Réaction aux prises de position de la FFQ sur la prostitution

Communiqué de presse

Pour diffusion immédiate

Réaction aux prises de position de la FFQ sur la prostitution

Montréal, le 30 octobre 2018-  C’est avec consternation que nous avions reçu, au printemps dernier, les propositions émanant du Conseil d’administration de la FFQ concernant « les femmes et l’industrie du sexe ». Même avec les amendements durement gagnés lors de l’Assemblée générale extraordinaire, nous considérons que les résolutions adoptées légitiment la prostitution, les proxénètes et une industrie qui s’abreuvent aux inégalités vécues par les femmes, particulièrement les plus marginalisées.

Les proxénètes et autres propriétaires de commerces du sexe utilisent le « choix » et le « consentement » des femmes à être dans l’industrie comme outil pour les amener dans la prostitution et les y maintenir. Si la prostitution était réellement un choix comme un autre, il serait aussi facile d’en sortir que d’y entrer. Ce n’est pas le cas. Les femmes que nous accompagnons quotidiennement dans des démarches de recherche de logement, d’aide alimentaire et autres démarches juridiques et de santé voient une multitude d’obstacles se dresser devant elles quand elles tentent de quitter l’industrie. Nous ne mettrons jamais en doute la parole de celles qui considèrent avoir choisi la prostitution. Mais la centaine de femmes qui fréquentent la CLES pour y recevoir des services ou du soutien dans leur processus de sortie décrivent la prostitution comme un choix devant l’absence d’autres choix, comme la conséquence d’une vie marquée par les abus, l’inceste, la précarité financière, le manque d’alternatives, l’exclusion et le racisme. Résumer cette question au simple choix individuel est un déni des rapports de pouvoir et des contraintes qui mènent les femmes vers cette industrie.
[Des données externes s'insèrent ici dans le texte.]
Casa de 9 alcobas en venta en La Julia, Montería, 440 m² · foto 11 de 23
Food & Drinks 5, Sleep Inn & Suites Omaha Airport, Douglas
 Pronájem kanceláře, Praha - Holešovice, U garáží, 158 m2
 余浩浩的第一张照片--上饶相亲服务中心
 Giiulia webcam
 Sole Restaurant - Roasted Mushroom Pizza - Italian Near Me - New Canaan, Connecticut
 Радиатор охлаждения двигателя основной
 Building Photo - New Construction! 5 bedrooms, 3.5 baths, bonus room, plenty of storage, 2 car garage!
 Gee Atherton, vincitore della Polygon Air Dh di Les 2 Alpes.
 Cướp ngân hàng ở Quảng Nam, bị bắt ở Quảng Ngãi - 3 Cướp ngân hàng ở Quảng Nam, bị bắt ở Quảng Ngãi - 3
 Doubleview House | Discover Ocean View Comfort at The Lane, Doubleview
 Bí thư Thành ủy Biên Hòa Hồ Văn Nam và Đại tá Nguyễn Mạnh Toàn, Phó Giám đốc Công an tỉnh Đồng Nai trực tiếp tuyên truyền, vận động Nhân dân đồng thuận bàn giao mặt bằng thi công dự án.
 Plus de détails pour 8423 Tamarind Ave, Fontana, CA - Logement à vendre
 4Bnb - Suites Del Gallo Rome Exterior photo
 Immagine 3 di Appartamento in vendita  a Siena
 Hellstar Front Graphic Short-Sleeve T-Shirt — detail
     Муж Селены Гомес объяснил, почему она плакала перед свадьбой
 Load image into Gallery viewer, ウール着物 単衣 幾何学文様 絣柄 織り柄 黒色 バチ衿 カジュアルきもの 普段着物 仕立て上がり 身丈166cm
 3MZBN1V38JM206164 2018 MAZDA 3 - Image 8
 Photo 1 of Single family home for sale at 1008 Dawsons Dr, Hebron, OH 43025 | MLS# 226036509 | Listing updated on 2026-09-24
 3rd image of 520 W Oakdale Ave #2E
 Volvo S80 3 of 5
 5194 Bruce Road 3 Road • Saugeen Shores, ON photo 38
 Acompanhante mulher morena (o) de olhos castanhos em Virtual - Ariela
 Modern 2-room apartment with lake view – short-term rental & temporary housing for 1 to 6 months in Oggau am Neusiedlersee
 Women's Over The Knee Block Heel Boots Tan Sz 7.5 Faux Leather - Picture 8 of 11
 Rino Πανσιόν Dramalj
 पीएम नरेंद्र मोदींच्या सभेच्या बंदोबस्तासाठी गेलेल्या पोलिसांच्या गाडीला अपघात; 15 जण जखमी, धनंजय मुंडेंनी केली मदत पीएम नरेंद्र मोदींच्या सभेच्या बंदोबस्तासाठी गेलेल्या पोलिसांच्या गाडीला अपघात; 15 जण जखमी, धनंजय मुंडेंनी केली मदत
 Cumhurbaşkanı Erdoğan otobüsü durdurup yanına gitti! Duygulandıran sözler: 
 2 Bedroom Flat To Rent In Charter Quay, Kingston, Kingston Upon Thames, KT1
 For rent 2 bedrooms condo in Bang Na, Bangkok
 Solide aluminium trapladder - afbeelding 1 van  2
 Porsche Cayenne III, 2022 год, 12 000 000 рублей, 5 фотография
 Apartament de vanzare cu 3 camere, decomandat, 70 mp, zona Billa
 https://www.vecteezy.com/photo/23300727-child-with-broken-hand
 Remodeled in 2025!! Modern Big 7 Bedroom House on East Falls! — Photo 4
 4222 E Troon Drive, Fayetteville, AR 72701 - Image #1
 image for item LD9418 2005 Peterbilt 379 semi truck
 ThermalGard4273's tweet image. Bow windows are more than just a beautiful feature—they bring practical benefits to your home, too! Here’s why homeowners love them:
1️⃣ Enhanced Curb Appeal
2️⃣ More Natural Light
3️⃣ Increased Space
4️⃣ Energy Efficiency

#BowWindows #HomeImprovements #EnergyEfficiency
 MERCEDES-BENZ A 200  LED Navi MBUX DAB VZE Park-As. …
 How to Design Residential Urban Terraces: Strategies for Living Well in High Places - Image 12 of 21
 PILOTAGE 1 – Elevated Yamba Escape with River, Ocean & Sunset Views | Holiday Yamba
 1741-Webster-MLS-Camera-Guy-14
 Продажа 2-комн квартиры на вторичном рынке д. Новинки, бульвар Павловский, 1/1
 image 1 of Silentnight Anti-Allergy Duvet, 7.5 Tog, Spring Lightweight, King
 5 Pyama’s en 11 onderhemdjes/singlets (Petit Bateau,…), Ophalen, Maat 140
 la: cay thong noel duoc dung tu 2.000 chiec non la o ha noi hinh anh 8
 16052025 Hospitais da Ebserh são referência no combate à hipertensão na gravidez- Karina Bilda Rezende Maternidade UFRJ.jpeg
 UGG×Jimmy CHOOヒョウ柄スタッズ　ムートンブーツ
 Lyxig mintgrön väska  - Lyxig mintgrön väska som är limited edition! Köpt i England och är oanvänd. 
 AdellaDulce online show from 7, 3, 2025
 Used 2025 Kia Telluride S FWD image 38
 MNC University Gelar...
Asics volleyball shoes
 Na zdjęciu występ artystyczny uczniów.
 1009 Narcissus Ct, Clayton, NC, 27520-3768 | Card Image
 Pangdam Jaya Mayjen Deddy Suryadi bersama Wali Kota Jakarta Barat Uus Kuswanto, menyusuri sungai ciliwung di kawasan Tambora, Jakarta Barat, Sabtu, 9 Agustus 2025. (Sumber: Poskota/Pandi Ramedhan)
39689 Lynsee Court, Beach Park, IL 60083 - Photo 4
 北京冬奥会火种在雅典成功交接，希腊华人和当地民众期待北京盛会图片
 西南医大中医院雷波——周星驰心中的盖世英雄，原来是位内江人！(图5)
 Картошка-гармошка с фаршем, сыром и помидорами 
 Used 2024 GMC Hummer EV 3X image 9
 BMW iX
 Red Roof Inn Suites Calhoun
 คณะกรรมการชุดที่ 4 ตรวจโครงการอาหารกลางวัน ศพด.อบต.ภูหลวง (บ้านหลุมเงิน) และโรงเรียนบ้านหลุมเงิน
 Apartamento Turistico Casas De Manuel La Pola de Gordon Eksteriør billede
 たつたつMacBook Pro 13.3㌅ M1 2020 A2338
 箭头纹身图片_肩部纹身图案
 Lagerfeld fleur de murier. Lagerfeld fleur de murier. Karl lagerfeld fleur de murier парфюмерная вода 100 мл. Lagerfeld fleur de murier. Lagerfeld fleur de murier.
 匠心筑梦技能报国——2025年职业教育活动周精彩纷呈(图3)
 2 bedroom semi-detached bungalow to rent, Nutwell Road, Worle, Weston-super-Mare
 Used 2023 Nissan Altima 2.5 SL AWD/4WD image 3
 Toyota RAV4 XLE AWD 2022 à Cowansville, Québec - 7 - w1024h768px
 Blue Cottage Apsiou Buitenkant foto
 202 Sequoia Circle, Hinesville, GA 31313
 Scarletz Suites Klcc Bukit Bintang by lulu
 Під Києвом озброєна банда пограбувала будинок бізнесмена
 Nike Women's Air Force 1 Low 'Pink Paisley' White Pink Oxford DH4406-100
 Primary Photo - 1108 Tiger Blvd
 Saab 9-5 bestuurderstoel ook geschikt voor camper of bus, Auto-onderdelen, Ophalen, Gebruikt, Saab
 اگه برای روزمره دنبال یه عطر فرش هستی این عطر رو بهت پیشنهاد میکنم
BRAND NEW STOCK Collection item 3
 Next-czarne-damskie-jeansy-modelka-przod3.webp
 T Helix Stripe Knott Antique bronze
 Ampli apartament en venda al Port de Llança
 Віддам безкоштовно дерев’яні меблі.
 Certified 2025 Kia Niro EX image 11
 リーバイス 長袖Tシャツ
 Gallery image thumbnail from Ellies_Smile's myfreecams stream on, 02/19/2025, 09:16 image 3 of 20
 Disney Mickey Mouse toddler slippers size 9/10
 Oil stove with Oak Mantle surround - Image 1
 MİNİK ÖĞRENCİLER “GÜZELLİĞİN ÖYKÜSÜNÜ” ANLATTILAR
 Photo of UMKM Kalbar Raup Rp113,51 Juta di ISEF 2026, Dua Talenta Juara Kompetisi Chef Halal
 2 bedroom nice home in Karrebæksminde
La FFQ semble d’ailleurs n’avoir aucune opinion sur l’industrie du sexe elle-même, sur l’achat d’actes sexuels ni sur un supposé «droit des hommes» à pouvoir avoir facilement accès à des services sexuels. Pour nous, c’est la grande question fédératrice sur laquelle un regroupement comme la FFQ devrait travailler.

Avec cette prise de position, nous craignons que le conseil d’administration de la FFQ entre maintenant dans une campagne pour défaire le modèle nordique actuel, qui permet de vendre ses propres services mais qui vise à réduire la demande en pénalisant l’achat et la vente des services d’autrui. Les exemples de décriminalisation totale, telle que l’ont adopté l’Allemagne, les Pays-Bas et la Nouvelle-Zélande, sont suffisants pour nous décourager de suivre cette voie, qui a non seulement augmenté la traite, détériorer les « conditions de travail » des femmes dans les bordels légaux, mais fait exploser la demande et le nombre de lieux de prostitution.

À titre de concertation, la CLES entamera cette semaine un processus par lequel elle réévaluera, en collaboration avec ses 50 groupes membres et plus de 200 membres individuelles, son implication dans un organisme qui vient directement mettre en péril la capacité de construire collectivement un monde sans système prostitutionnel.

La CLES est un organisme sans but lucratif qui offre, depuis 2005, des services aux femmes qui ont un vécu en lien avec l’industrie du sexe dans une perspective féministe. L’équipe de la CLES est composée de sept travailleuses, dont une majorité d’intervenantes. De nombreuses survivantes de la prostitution occupent une fonction au sein de la CLES, que ce soit comme paire-aidante, membre du Comité de coordination ou travailleuse.